What “cold winter desert” means
Continental position does it: too far from any ocean to be moderated, the Turan basins swing between Siberian winters and Iranian summers. Plants here endure frozen sand and drought in the same year — the saxaul tree, the biome’s keystone, does both while stabilising the dunes its forests grow on. The animal cast is correspondingly unusual: goitered gazelle, the resurrected kulan (Asiatic wild ass), monitor lizards at their northern limit, and the saiga antelope whose swollen nose filters dust in summer and warms air in winter — evolution’s answer to the same double problem.
Barsa-Kelmes: the island that stopped being one
Kazakhstan’s Barsa-Kelmes — the name translates, encouragingly, as “go and you won’t return” — was an island in the Aral Sea until the sea withdrew around it; the nature reserve, one of Central Asia’s oldest, now rises as a plateau from the dried seabed. It preserved kulan and saiga through the twentieth century precisely because it was unreachable, and its new surroundings — the Aralkum, the desert that used to be a sea — make it the starkest environmental parable on any World Heritage list.

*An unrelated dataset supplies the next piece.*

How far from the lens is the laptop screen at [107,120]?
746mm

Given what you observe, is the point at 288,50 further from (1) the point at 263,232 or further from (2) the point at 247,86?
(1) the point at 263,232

Repetek: the sand laboratory
In Turkmenistan’s eastern Karakum, the Repetek reserve has been studying sand since 1927 — one of the oldest desert research stations anywhere. Its black saxaul forests are the finest in the biome, and its records of dune movement, extreme temperature and desert ecology span a century. The Trans-Caspian railway passes the station: for once, a strict reserve with a platform.
Kyzylkum: the red sands
Between the Amu Darya and Syr Darya spreads the Kyzylkum, the “red sand” — one of the great deserts of the world, whose protected sectors joined the 2023 listing. This is the desert Silk Road caravans actually crossed between Khiva and Bukhara, and the practical stop for most travellers: the yurt camps and lake of the Nurata foothills put saxaul steppe, dunes and desert nights within reach of the standard Uzbek circuit.
Planning the journey
Honesty about access: Barsa-Kelmes requires expedition logistics via Aralsk and reserve permission; Repetek depends on Turkmenistan’s visa regime, which is its own adventure; the Kyzylkum is the accessible third — yurt stays between Samarkand and Khiva can be booked from any Uzbek operator. Seasons are non-negotiable: April–May for flowering steppe and bearable temperatures, September–October for clear cool days; summer is dangerous and midwinter brutal, which is, after all, the listing’s entire point. Combine the Kyzylkum stop with our Zarafshan–Karakum Silk Road route — the desert is the road’s other half.
The saxaul economy
One tree runs this biome, and it deserves its close-up. Saxaul — black along the water tables, white on the open dunes — grows twisted, slow and iron-dense; its wood sinks in water and burns hot enough that caravans and railways stripped whole forests of it for fuel across the nineteenth and twentieth centuries. Its living value is greater: the roots bind moving sand, the canopy shelters seedlings of everything else, and the groves function as the desert’s oases-without-water, concentrating birds, gazelles and shade. Modern restoration programs across all three countries now plant saxaul by the million, including on the dried Aral seabed, where the belts are the main defence against the salt-dust storms the vanished sea exports.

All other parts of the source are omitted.